Let’s create flume.conf properties file under FLUME_CONF_DIR (FLUME_HOME/conf) location or any other preferred location and provide below properties in the file.
This configuration file defines an agent called Agent1. We can give any names to agents, sources, sinks and channels. So, in this example, we have taken descriptive names, Agent1, netcat-source, memory-channel and logger-sink.
# Name the components on this agent
Agent1.sources = netcat-source
Agent1.channels = memory-channel
Agent1.sinks = logger-sink
# Describe/configure Source
Agent1.sources.netcat-source.type = netcat
Agent1.sources.netcat-source.bind = localhost
Agent1.sources.netcat-source.port = 44444
# Describe the sink
Agent1.sinks.logger-sink.type = logger
# Use a channel which buffers events in memory
Agent1.channels.memory-channel.type = memory
Agent1.channels.memory-channel.capacity = 1000
Agent1.channels.memory-channel.transactionCapacity = 100
# Bind the source and sink to the channel
Agent1.sources.netcat-source.channels = memory-channel
Agent1.sinks.logger-sink.channel = memory-channel
We will discuss about each property of the configuration file in detail in next post until then let’s not bother bother about the details of these properties.
NOTE: We can define multiple agents in the same configuration file and can launch specified agent using a flag –name.
Step 2 – Starting Flume Agent:
We can start Flume agent with the below command by changing the appropriate values.
An agent is started using a shell script called flume-ng which is located in the bin directory of the Flume distribution. We need to specify the agent name, the config directory, and the config file on the command line:
$ flume-ng agent --conf $FLUME_CONF_DIR --conf-file $FLUME_CONF_DIR/flume.conf --name Agent1 -Dflume.root.logger=INFO,console
The agent argument in the above command (flume-ng) tells Flume to start an agent, which is the generic name for a running Flume process.

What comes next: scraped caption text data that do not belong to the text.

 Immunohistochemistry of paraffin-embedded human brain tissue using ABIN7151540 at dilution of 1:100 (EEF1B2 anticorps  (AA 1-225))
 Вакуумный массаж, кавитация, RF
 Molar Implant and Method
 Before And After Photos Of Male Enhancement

Now the agent will start running source and sinks configured in the given properties file. The agent will start and no further output will appear on that screen.
Below is the screen shot of starting agent.

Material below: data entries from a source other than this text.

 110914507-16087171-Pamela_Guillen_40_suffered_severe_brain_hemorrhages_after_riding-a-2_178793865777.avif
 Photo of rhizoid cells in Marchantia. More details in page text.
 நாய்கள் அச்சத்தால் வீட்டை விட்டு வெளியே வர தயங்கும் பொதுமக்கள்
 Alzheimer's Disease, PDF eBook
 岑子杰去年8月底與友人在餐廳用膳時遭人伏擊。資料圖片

In the above screen shot, we can observe the log messages stating Processing: logger-sink, Creating channel memory-channel, Channel memory-channel connected to [netcat-source, logger-sink] and finally at the bottom, Source starting and created serverSocket [/127.0.0.1:44444]. These messages are helpful while debugging if something goes wrong and the agent is not started.
In the above example, from the log messages we can confirm that agent Agent1 is started successfully and netcat-source listening for network traffic at 127.0.0.1:44444 port.
Step 3 – Feeding events to Flume Agent:
As the agent is started successfully, netcat-source is listening for events from external source at localhost:44444 port. So, lets provide the events to flume agent at specified port through curl or telnet utility
Below is the command to start curl utility with specified port number:
$ curl telnet://localhost:44444
$ telnet localhost 44444
Once connected to port, give some sample lines of input. Here we have entered below lines input and hit enter after each line feed. Press ctrl+c to close curl connection.
Hello World !!!
You Have Started a Flume Agent Successfully.
Below is the screen shot of another terminal from which have given feed to netcat-source.
Step 4 – Verify the events at Agent Console:
Now we can verify the events sent through curl connection at agent console. Below is the screen shot of agent console.
In the above screen shot, we can clearly view the events (Hello World !!!) received from netcat-source to agent console.
Step 5 – Stop Flume Agent:
Once the network event capturing is done, we can stop the agent by just pressing ctrl+c key.